Question

The Reaction

A+ B → C

was carried out in a constant-volume batch reactor where the following concentration measurements were recorded as a function of time:

t min 0 5 9 15 22 30 40 60
CA/mol/L 2 1.6 1.35 1.1 0.87 0.7 0.53 0.35

Required:
Determine the reactor order and the specific rate constant If you were to take more data, where would you place the points

Answer 1

Step-by-step explanation:

From the information given:

We can say that the rate of reaction is utilized to decide the reaction speed, and it is subject to the rate constant.

The power of concentration related to the rate equation can be said to be the order of the reaction.

For zero-order reaction: it is the reaction whose rate is free and not dependent on the reactant's concentration.

Concentration-time reaction is given as;

`\mathbf{[A] = [A_o] -kt ---- (1)}`

where;

t = time

k = rate constant

A_o = initial concentration of reactant

Thus, the plot between [A] and t needs to be a straight line.

On the other hand, The First order reaction is the reaction whose rate is straightforwardly corresponding to the reactant's concentration.

Its concentration-time relation can be expressed as,

`\mathbf{In([A])= In ([A_o])-kt ---- (2)}`

t = time

k = rate constant

[A_o] = initial concentration of the reactant

Then, the plot between [A] & t requires to be a straight line.

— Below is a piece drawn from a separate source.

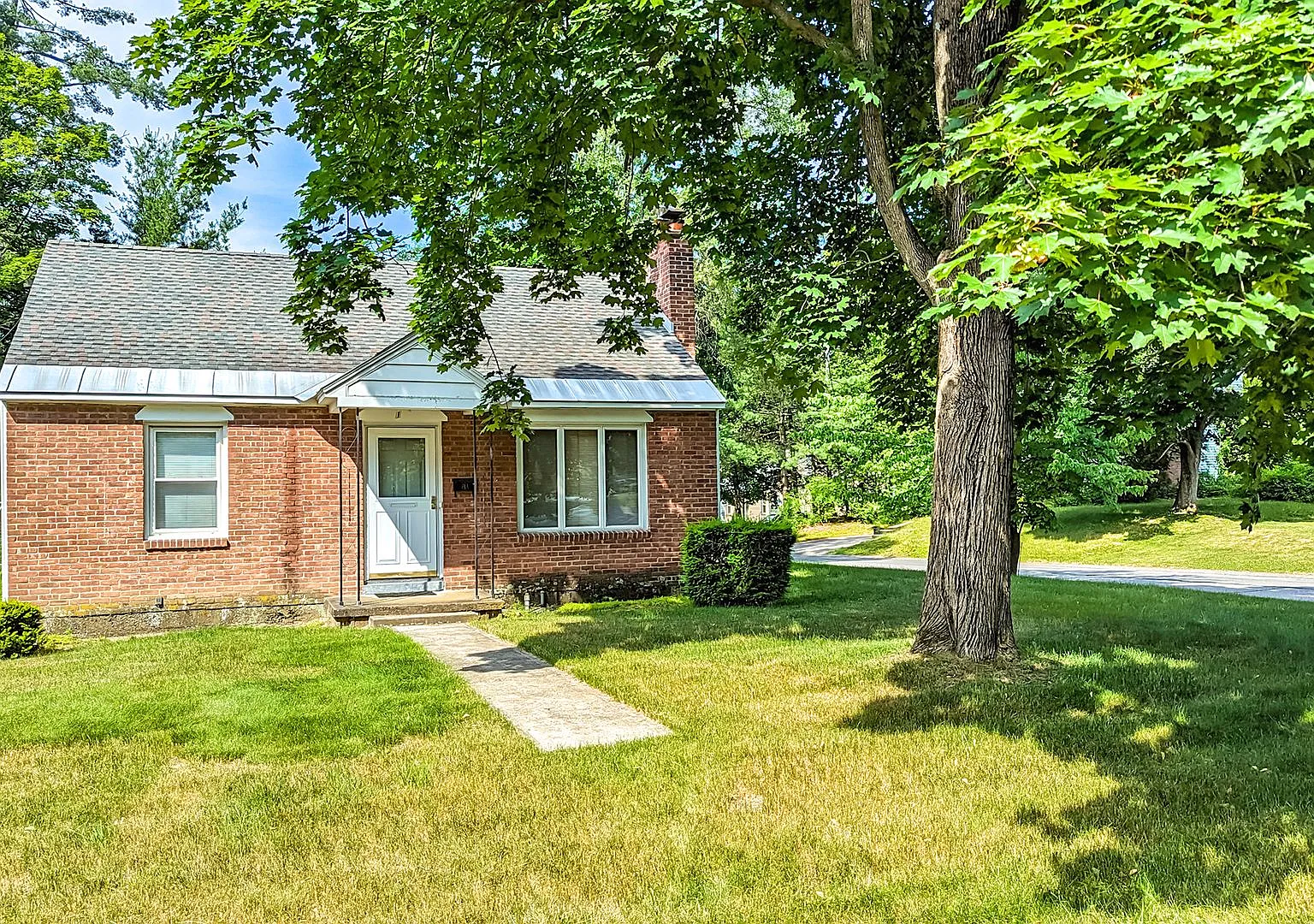 3 BD 1.5 BA Guilderland Schools — Photo 1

Presently, the plot between ln([A]) vs time appears to be in a straight line with the slope of the line equivalents to the rate constant (k).

hence,

slope = -k

Then;

`\mathbf{k = -slope ---- (3)}`

Now; to discover the activation energy we need to utilize Arrhenius relation which is given as,

`\mathbf{In(k) = In(K_o) - (E_o)/(RT) ---- (4)}`

From the above equation;

k_o = arrhenius parameter

Ea = activation energy

R = 8.314 J/mol.K

T = temperature in Kelvin

From the data given for concentration vs time;

t[min] Ca(mol/L)

0 2

5 1.6

9 1.35

15 1.1

22 0.87

30 0.7

40 0.53

60 0.35

a)

Since we can deduce the order of the reaction,

Let's assume that it is a zero-order reaction, Thus, the plot of Ca vs t can be seen in the first image attached below;

From the diagram, it is clear and obvious that it is NOT a straight line.

Thus, we conclude that this order is NOT a zero-order.

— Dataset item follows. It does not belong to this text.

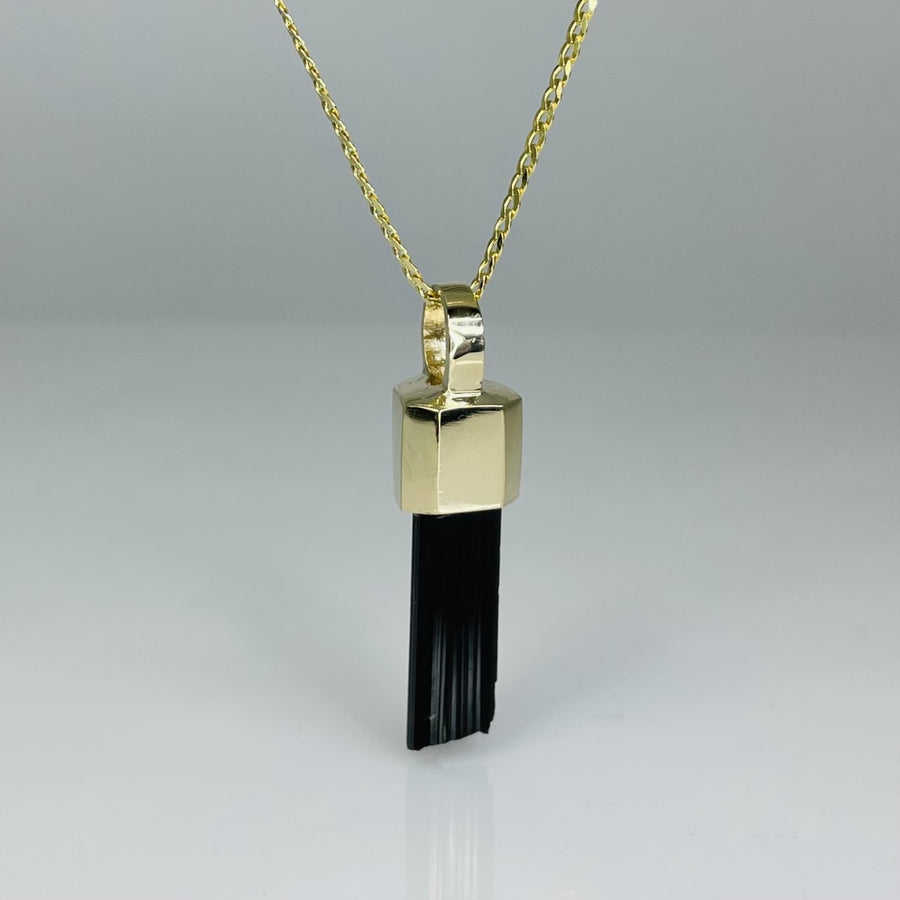 14K Yellow Gold Black Tourmaline Necklace 7x28mm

However, let also assume that order is first order,

Now, from the second diagram showing the plot of ln(Ca) vs t, we can deduce that it is a straight line which implies that it is the order of the reaction is first order.

Therefore, the equation for the first order is given as;

`\mathbf{In([A]) = In ([A_o])- kt}`

Recall that: the slope of the ln(A) v/s time will result in a rate constant,

Thus, from the graph we have;

slope = -0.0289 mol/L.min and:

slope = - k

Hence;

rate constant = k = 0.0289 mol/L.min and the order = 1st order

b)

On the off chance that we need to take more data points, we will like to take the data point in the scope of 40 min to 60 min time interval, on the grounds that the significant deviation is seen there. more information focuses will imply more accuracy.